### Given information
──────

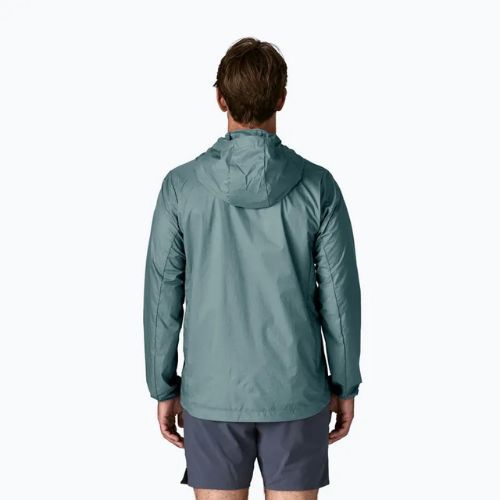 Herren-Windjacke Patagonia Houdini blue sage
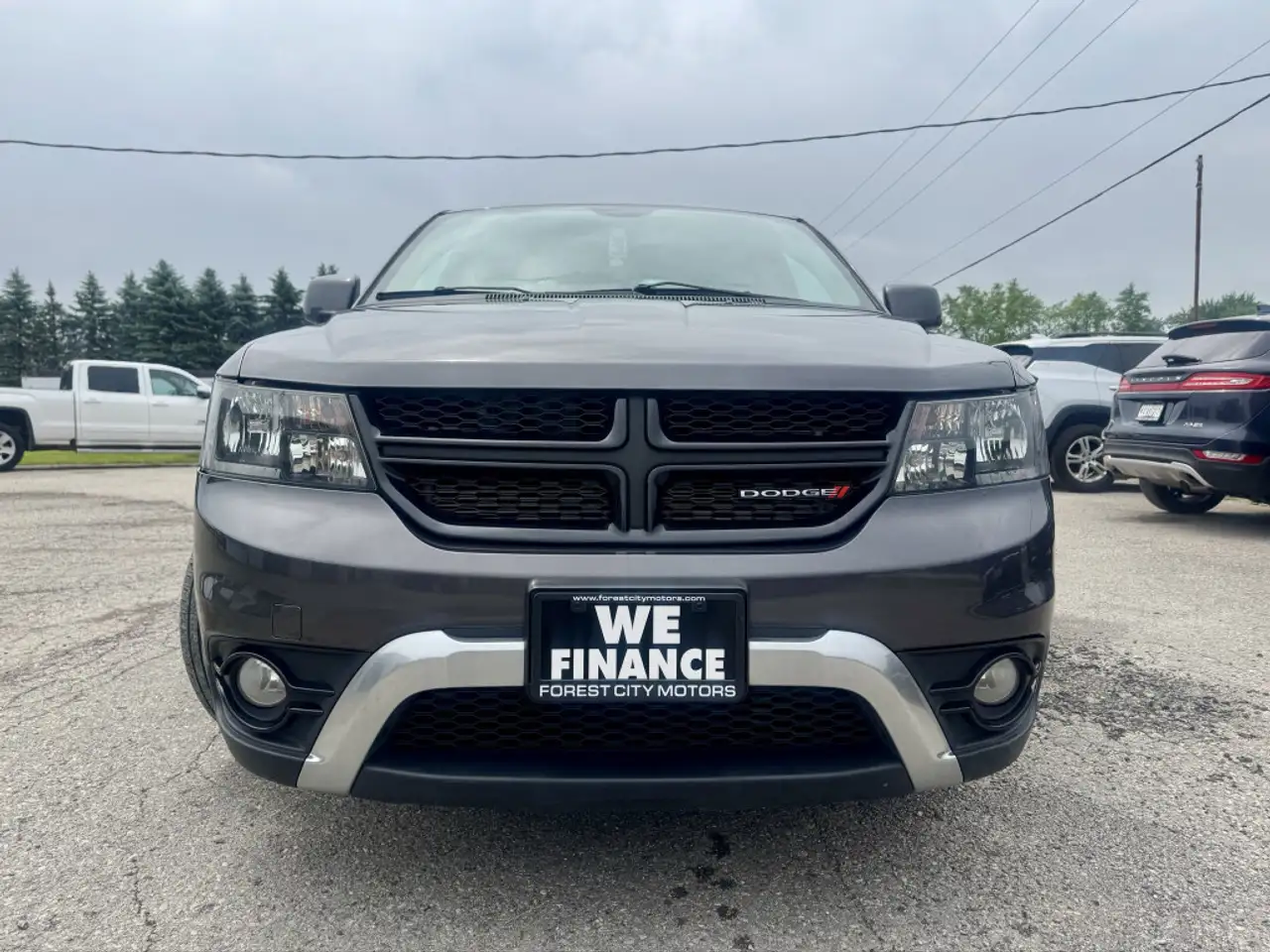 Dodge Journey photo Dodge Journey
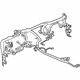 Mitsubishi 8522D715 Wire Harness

──────

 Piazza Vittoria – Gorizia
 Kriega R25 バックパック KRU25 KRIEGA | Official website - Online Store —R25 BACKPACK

──────

### Problem
Pictures excluded, reproduce only the part above that opens with the line holding "Herren-Windjacke Patagonia Houdini blue sage" and closes with the line holding "Mitsubishi 8522D715 Wire Harness", exactly as written.

### Response below
 Herren-Windjacke Patagonia Houdini blue sage
 Dodge Journey photo Dodge Journey
 Mitsubishi 8522D715 Wire Harness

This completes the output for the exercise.